• _WHAT IS NEEDED_
Leave the pictures out. Retype exactly the lines below from the one containing "temporali notturni 46" through the one containing "Photos: Aishwarya Rai", and no others.

• _SUPPLIED RECORDS_
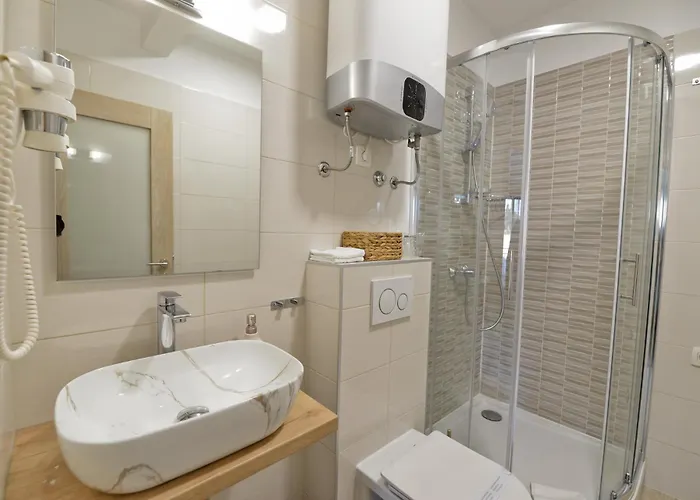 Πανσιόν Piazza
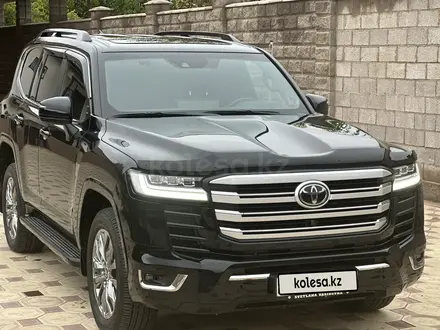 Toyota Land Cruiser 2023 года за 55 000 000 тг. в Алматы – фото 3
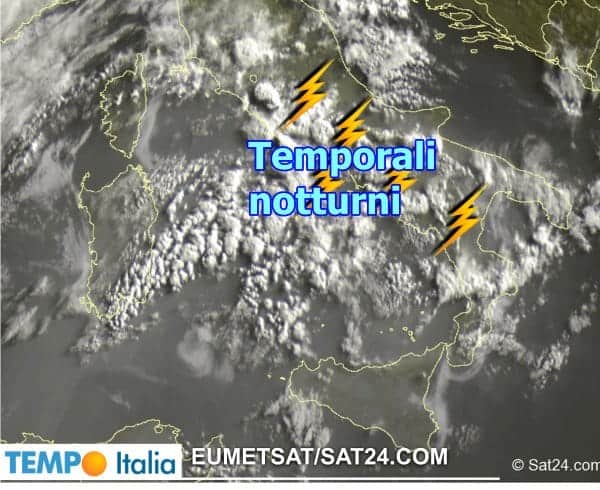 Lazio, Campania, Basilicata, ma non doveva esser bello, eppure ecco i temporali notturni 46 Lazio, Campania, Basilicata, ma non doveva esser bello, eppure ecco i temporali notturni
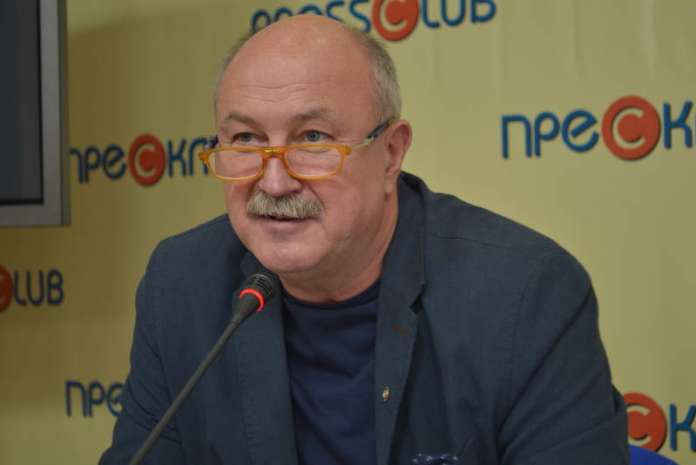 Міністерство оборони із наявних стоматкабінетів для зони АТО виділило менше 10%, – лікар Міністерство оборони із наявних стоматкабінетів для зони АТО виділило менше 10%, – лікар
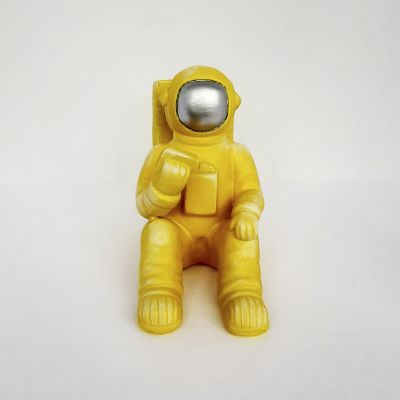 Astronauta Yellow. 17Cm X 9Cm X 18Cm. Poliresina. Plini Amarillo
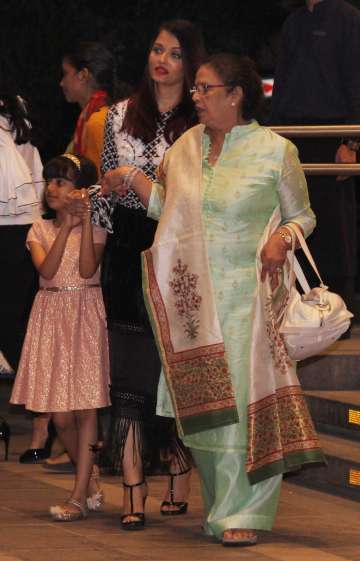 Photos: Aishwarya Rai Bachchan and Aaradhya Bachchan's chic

--

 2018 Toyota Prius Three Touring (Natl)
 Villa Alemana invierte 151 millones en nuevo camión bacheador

...

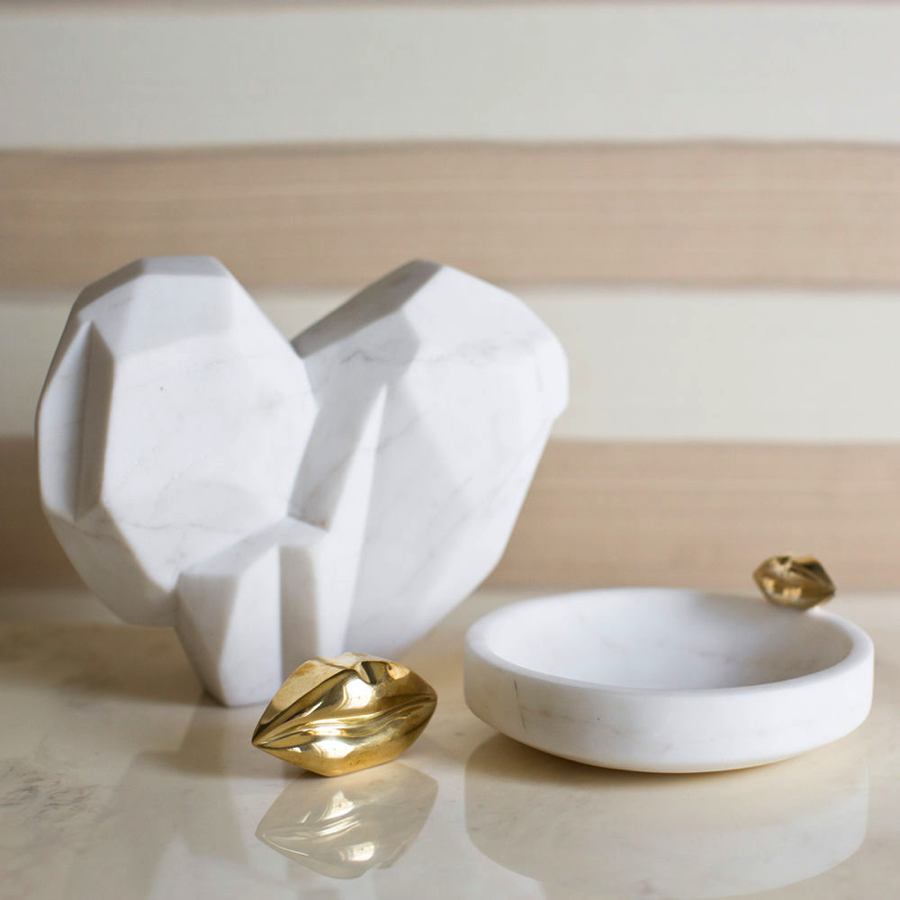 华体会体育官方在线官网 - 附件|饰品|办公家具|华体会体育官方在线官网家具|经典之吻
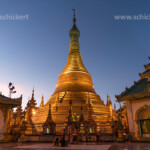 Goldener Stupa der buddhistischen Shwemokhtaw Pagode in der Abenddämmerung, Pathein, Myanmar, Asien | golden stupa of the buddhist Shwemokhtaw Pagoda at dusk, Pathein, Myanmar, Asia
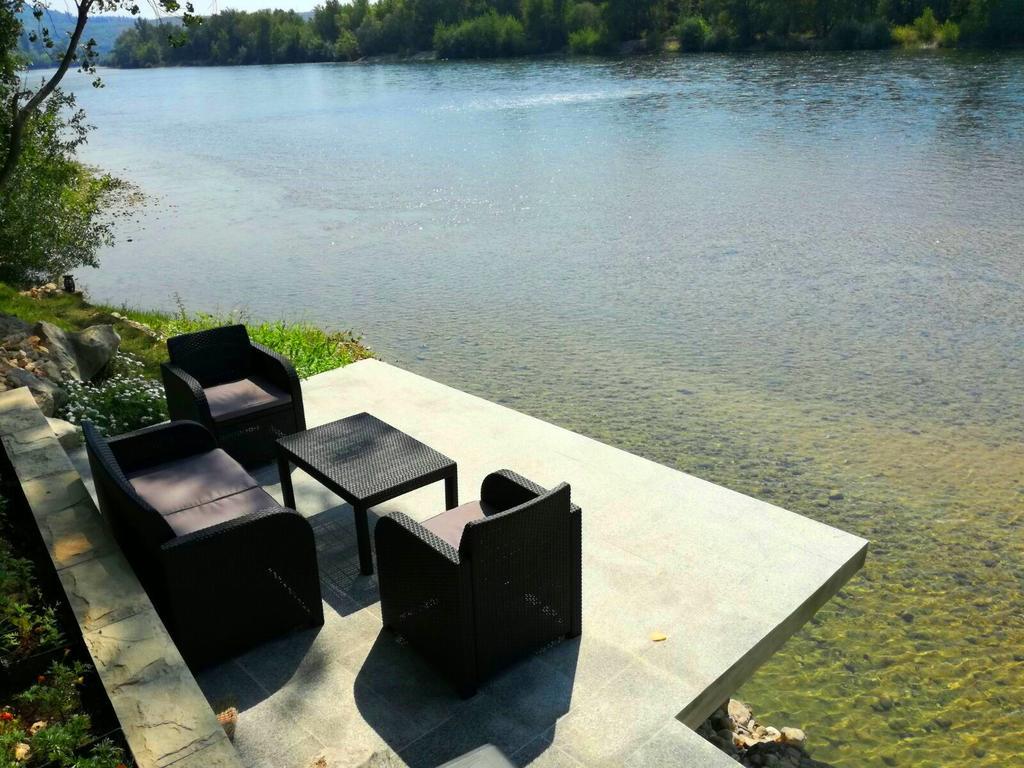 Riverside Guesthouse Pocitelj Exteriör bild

• _FINISHED TASK_
 Lazio, Campania, Basilicata, ma non doveva esser bello, eppure ecco i temporali notturni 46 Lazio, Campania, Basilicata, ma non doveva esser bello, eppure ecco i temporali notturni
 Міністерство оборони із наявних стоматкабінетів для зони АТО виділило менше 10%, – лікар Міністерство оборони із наявних стоматкабінетів для зони АТО виділило менше 10%, – лікар
 Astronauta Yellow. 17Cm X 9Cm X 18Cm. Poliresina. Plini Amarillo
 Photos: Aishwarya Rai Bachchan and Aaradhya Bachchan's chic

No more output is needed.